Exemplo: Trabalhar em local insalubre ou perigoso sem o fornecimento de EPIs, ou com máquinas sem a devida manutenção.


Redução do Trabalho do Empregado, de Forma a Afetar o Valor da Remuneração:

  • Isso ocorre quando o empregador reduz a quantidade de serviço ou a remuneração do empregado por peça ou tarefa, de forma que o salário do trabalhador seja prejudicado, sem justificativa legal.

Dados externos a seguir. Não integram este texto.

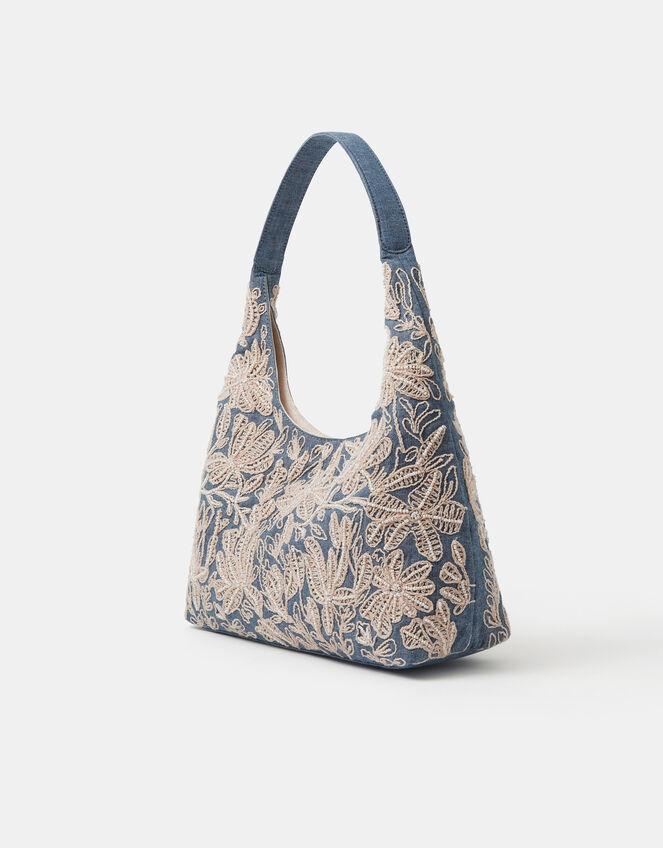 Embroidered Denim Shoulder Bag, , large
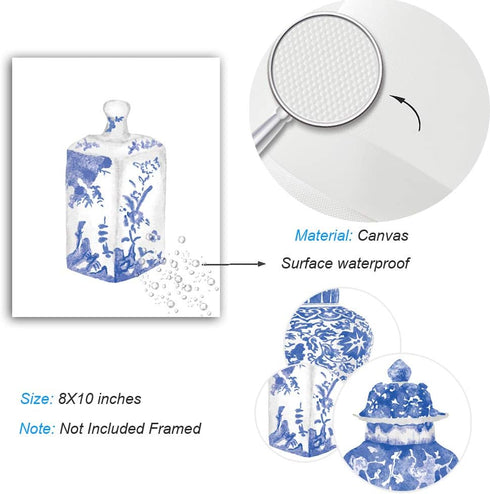 Chinoiserie Wall Art Print-- Bedroom or Study Decor -- Chinese Blue White Porcelain Vase Canvas Print ( Set of 6 )--Unframed--8X10 inch 1...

Como o Trabalhador Deve Agir?

Se você se encontra em uma dessas situações e sente que a continuidade do vínculo de emprego é insustentável, é crucial agir corretamente:

  1. Documente Tudo: Reúna provas concretas das faltas do empregador (extratos bancários com atrasos salariais, prints de mensagens de assédio, e-mails, fotos, testemunhas, etc.).
  2. Procure um Advogado Especialista em Direito do Trabalho: Esta é a etapa mais importante. O profissional irá analisar seu caso, avaliar a gravidade das faltas da empresa e a viabilidade da rescisão indireta. Ele o orientará sobre a melhor forma de proceder.
  3. Mantenha o Contrato de Trabalho: Na maioria dos casos, o trabalhador deve continuar comparecendo ao trabalho enquanto aguarda a decisão judicial, para não dar margem para a empresa alegar abandono de emprego. A exceção é se a permanência no ambiente for insustentável ou perigosa (ex: assédio severo, risco de vida), o que deve ser orientado pelo advogado.
  4. Ingresso na Justiça do Trabalho: O advogado dará entrada em uma Ação de Rescisão Indireta na Justiça do Trabalho, onde serão apresentadas as provas e o juiz decidirá se houve justa causa do empregador.


A rescisão indireta é um direito fundamental que protege o trabalhador de abusos e garante que ele não seja penalizado por faltas graves cometidas pela empresa. Não aceite condições de trabalho abusivas. Se seus direitos estão sendo desrespeitados, não hesite em buscar a justiça.